Pendidik dapat mempertajam kemampuan
subjek didik dalam hal ini melalui pemberian tugas-tugas mengikhtisarkan
material pembelajaran yang telah diberikan.
2.4.
Berfikir
Definisi yang paling umum dari
berfikir adalah berkembangnya ide dan konsep (Bochenski, dalam
Suriasumantri (ed), 1983:52) di dalam diri seseorang. Perkembangan ide
dan konsep ini berlangsung melalui proses penjalinan hubungan antara
bagian-bagian informasi yang tersimpan di dalam didi seseorang yang
berupa pengertian-perngertian. Dari gambaran ini dapat dilihat bahwa
berfikir pada dasarnya adalah proses psikologis dengan tahapan-tahapan
berikut : (1) pembentukan pengertian, (2) penjalinan
pengertian-pengertian, dan (3) penarikan kesimpulan.

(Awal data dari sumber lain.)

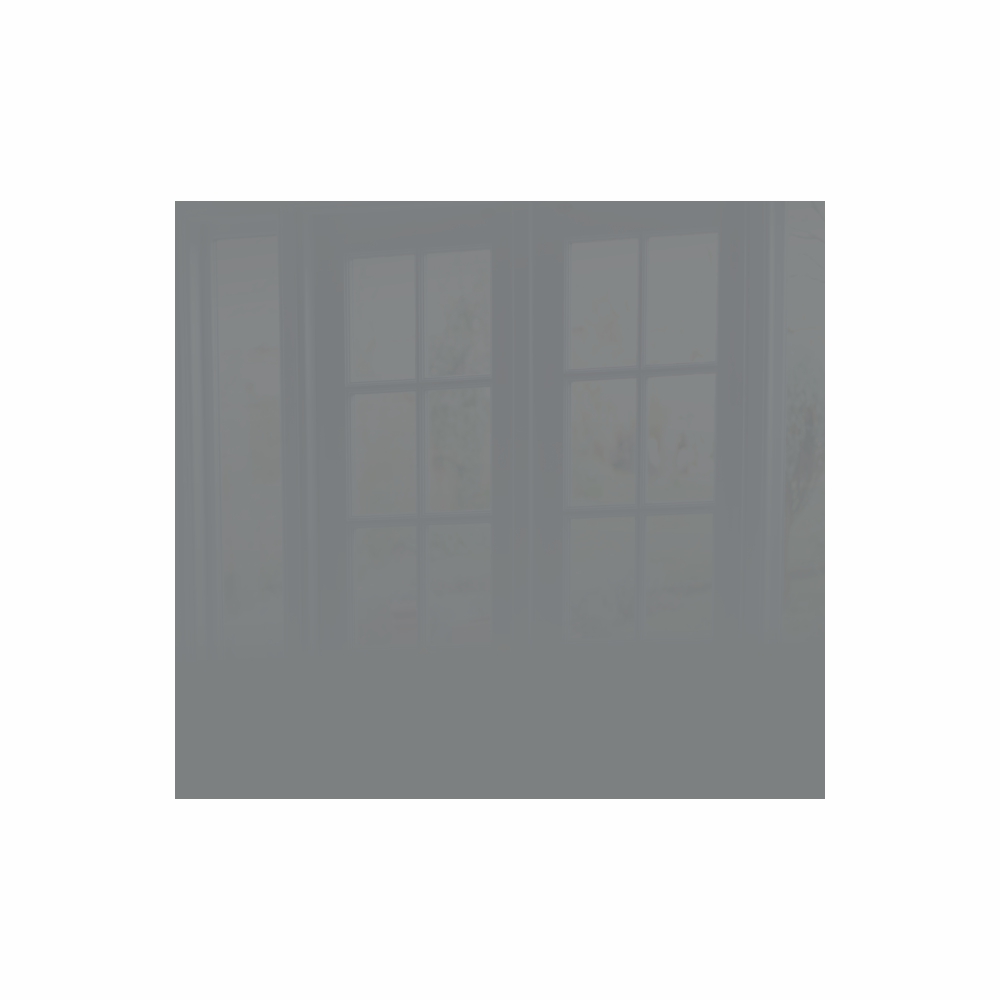 Parrot Products Metallic Silver Hob Splashback (598 X 650 X 6mm)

Kemampuan berfikir pada manusia
alamiah sifatnya. Manusia yang lahir dalam keadaan normal akan dengan
sendirinya memiliki kemampuan ini dengan tingkat yang reletif berbeda.
Jika demikian, yang perlu diupayakan dalam proses pembelajaran adalah
mengembangkan kemampuan ini, dan bukannya melemahkannya. Para pendidik
yang memiliki kecendrungan untuk memberikan penjelasan yang
“selengkapnya” tentang satu material pembelajaran akan cendrung
melemahkan kemampuan subjek didik untuk berfikir. Sebaliknya, para
pendidik yang lebih memusatkan pembelajarannya pada pemberian
pengertian-pengertian atau konsep-konsep kunci yang fungsional akan
mendorong subjek didiknya mengembangkan kemampuan berfikir mereka.

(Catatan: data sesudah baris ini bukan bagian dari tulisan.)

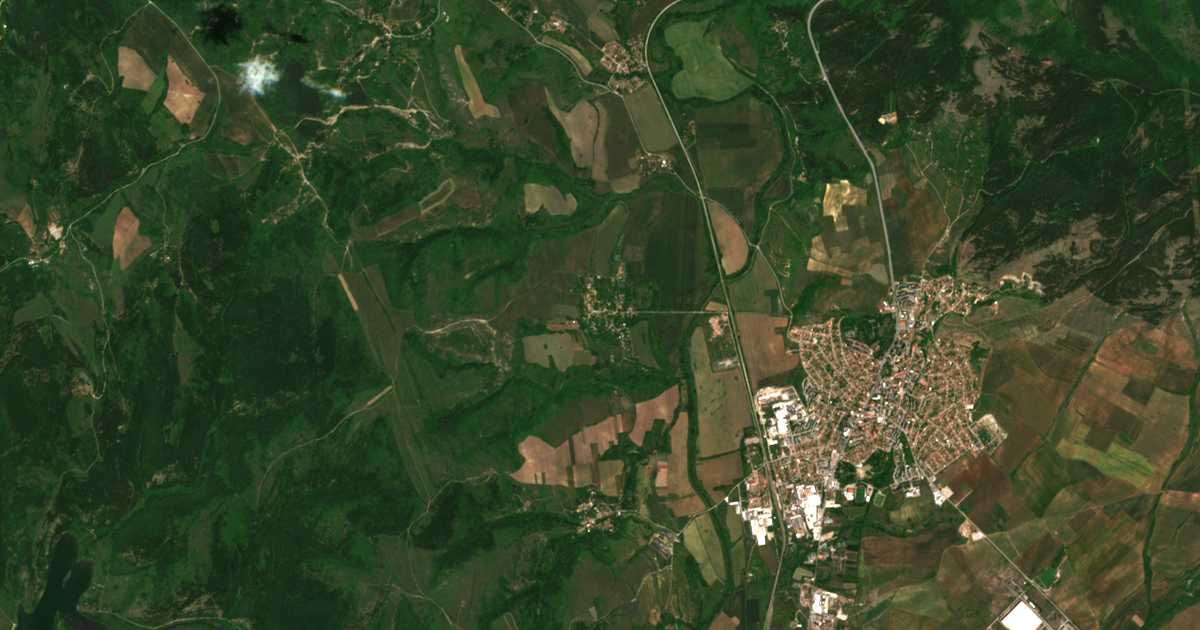 Satelitska karta: Nikolaevo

Pembelajaran seperti ni akan menghadirkan tentangan psikologi bagi
subjek didik untuk merumuskan kesimpulan-kesimpulannya secara mandiri.
2.5.
Motif
Motif adalah keadaan dalam diri subjek
didik yang mendorongnya untuk melakukan aktivitas-aktivitas tertentu.
Motif boleh jadi timbul dari rangsangan luar, seperti pemberian hadiah
bila seseorang dapat menyelesaikan satu tugas dengan baik. Motif semacam
ini sering disebut motif ekstrensik. Tetapi tidak jarang pula motif
tumbuh di dalam diri subjek didik sendiri yang disebut motif intrinsik.

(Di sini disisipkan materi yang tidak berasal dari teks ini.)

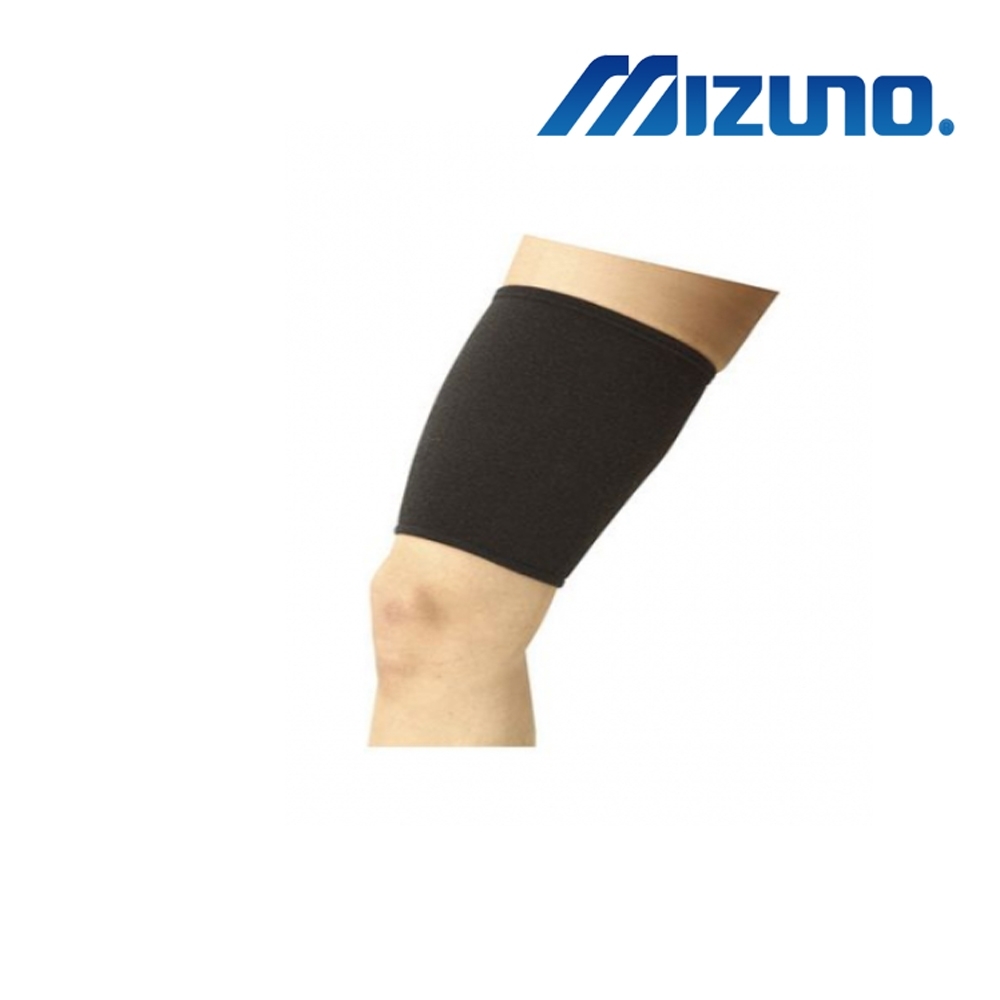Mizuno 美津濃 日製護大腿 (單只) 黑 C2JS760209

Misalnya, seorang subjek didik gemar membaca karena dia memang ingin
mengetahui lebih dalam tentang sesuatu.
Dalam konteks belajar, motif intrinsik
tentu selalu lebih baik, dan biasanya berjangka panjang. Tetapi dalam
keadaan motif intrinsik tidak cukup potensial pada subjek didik,
pendidik perlu menyiasati hadirnya motif-motif ekstrinsik. Motif ini,
umpamanya, bisa dihadirkan melalui penciptaan suasana kompetitif di
antara individu maupun kelompok subjek didik. Suasana ini akan mendorong
subjek didik untuk berjuang atau berlomba melebihi yang lain.Namun
demikian, pendidik harus memonitor suasana ini secara ketat agar tidak
mengarah kepada hal-hal yang negatif.
Motif ekstrinsik bisa juga dihadirkan
melalui siasat “self competition”, yakni menghadirkan grafik
prestasi individual subjek didik.Melalui grafik ini, setiap subjek didik
dapat melihat kemajuan-kemajuannya sendiri. Dan sekaligus
membandingkannya dengan kemajuan yang dicapai teman-temannya.Dengan
melihat grafik ini, subjek didik akan terdorong untuk meningkatkan
prestasinya supaya tidak berada di bawah prestasi orang lain.